Mais, puisqu’elle est comme une « modalité » de l’alliance mosaïque, elle contient aussi le principe des œuvres : si les descendants de David désobéissent, ils perdront la faveur de Dieu. En fait, à partir de ce moment, les rois deviennent les « oints » (messies) de l’Éternel qui obéissent pour le peuple et le guide dans l’obéissance… ou la désobéissance. Alors que l’alliance mosaïque nous disait que le peuple devait obéir à Dieu ; depuis l’instauration de la royauté, c’est surtout chez le roi que l’obéissance est exigée. Voilà pourquoi les livres des Rois nous donnent des listes interminables de rois bons et de rois mauvais. Ce sont eux le centre de l’attention. Cette réaffirmation du principe des œuvres est donc précisée par l’alliance davidique : c’est par l’obéissance d’un Roi, Jésus-Christ, que le peuple sera sauvé. Obéissance du roi car l’Alliance de Rédemption comme nous l’avons dit est basée sur le principe des œuvres. Et salut pour le peuple car, en vertu de l’Alliance de Grâce, ce Roi est le représentant de son peuple.
J’espère que toutes ces expressions ne vous perdent pas. En réalité, une fois que les termes sont bien définis, ce n’est pas si compliqué. Ces différents noms d’alliances théologiques ont été donnés par les théologiens pour clarifier les choses, pas pour les rendre plus compliquées. Une fois que l’on est habitué au vocabulaire, les discussions théologiques deviennent beaucoup plus fluides car nous voyons tout de suite de quoi l’autre parle quand il dit « telle alliance est une alliance de grâce ». »
(Extrait d’un futur livre !)
Ce sujet est vraiment important car il a des conséquences sur notre façon de vivre l’Église aujourd’hui comme nous le verrons plus tard. Mais il importe aussi dans notre lecture de l’Ancien Testament. Au lieu de faire une lecture moralisante des Rois, nous comprenons que ceux-ci nous parle du Christ, notre Roi parfait qui a parfaitement obéi et accompli la Loi.

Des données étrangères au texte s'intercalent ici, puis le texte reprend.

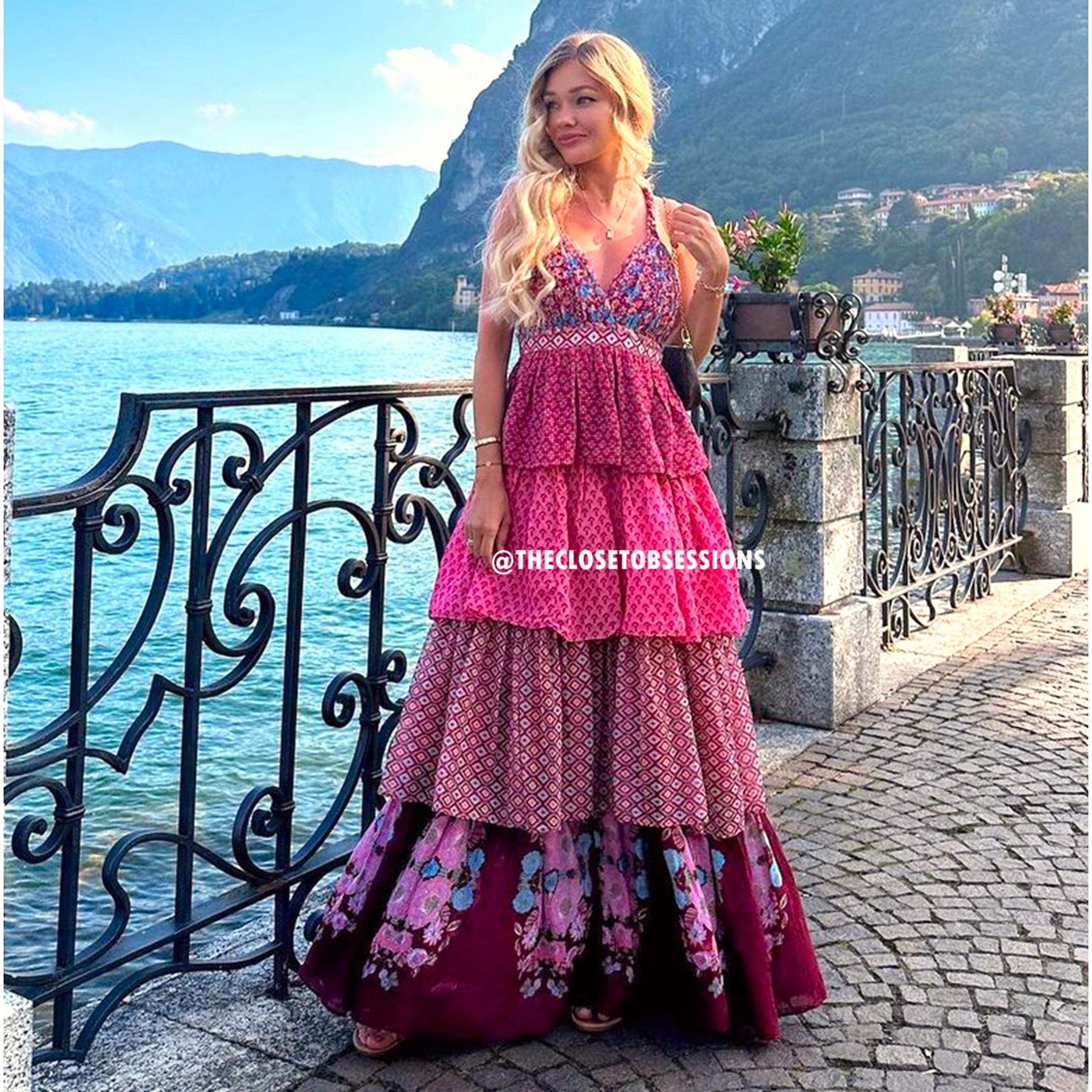 RARE!!! ZARA BLOGGER FAVE!!! Long Dress with Woven Straps NWT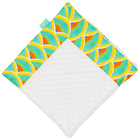 White Over The Moon with White Minky Baby Blankie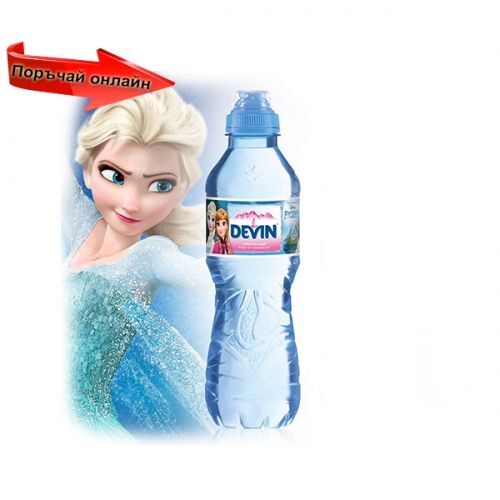 Девин изворна вода Disney с биберон 330 мл. - Девин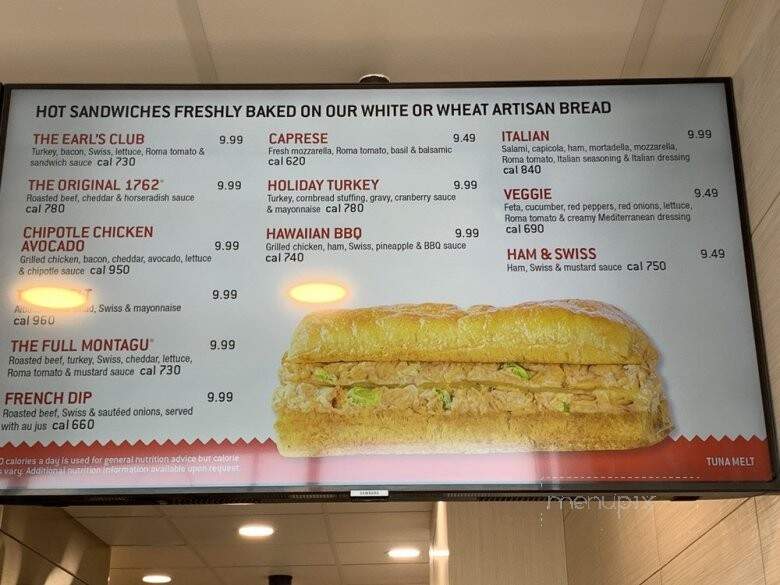 Earl of Sandwich - Edmonton, AB menu_pic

Cher Maxime. En relisant Osée 6.7, il me semble que l’alliance mosaïque est de même nature que l’alliance adamique. Le rapprochement ne se situerait pas seulement entre les hommes (ou en Adam) et les Israélites, mais aussi entre l’alliance adamique et l’alliance mosaïque.
Merci de ta contribution à la réflexion théologique.
Non, si elles étaient de même nature, l’alliance mosaïque proposerait un salut par les oeuvres, ce qui est absurde après la chute. Et les dispositions gracieuses de Moïse seraient inexplicables ainsi que la continuité avec Abraham.
Par ailleurs, le texte de Osée s’explique aisément si l’alliance mosaïque réaffirme le principe des oeuvres à un niveau typologique : Précisément pour que Israël brise l’alliance comme Adam. Comme je l’ai dit, il y a un parallèle fort, non seulement entre Adam et Moïse mais entre les deux alliances, comme vous le dites. Mais ce parallèle est de nature typologique, ce n’est pas une relation d’équivalence mais d’analogie.
Mais, après la chute, Dieu n’a jamais proposé le principe des oeuvres comme moyen de salut ; dire l’inverse serait donner raison aux Juifs qui ont rejeté le Christ !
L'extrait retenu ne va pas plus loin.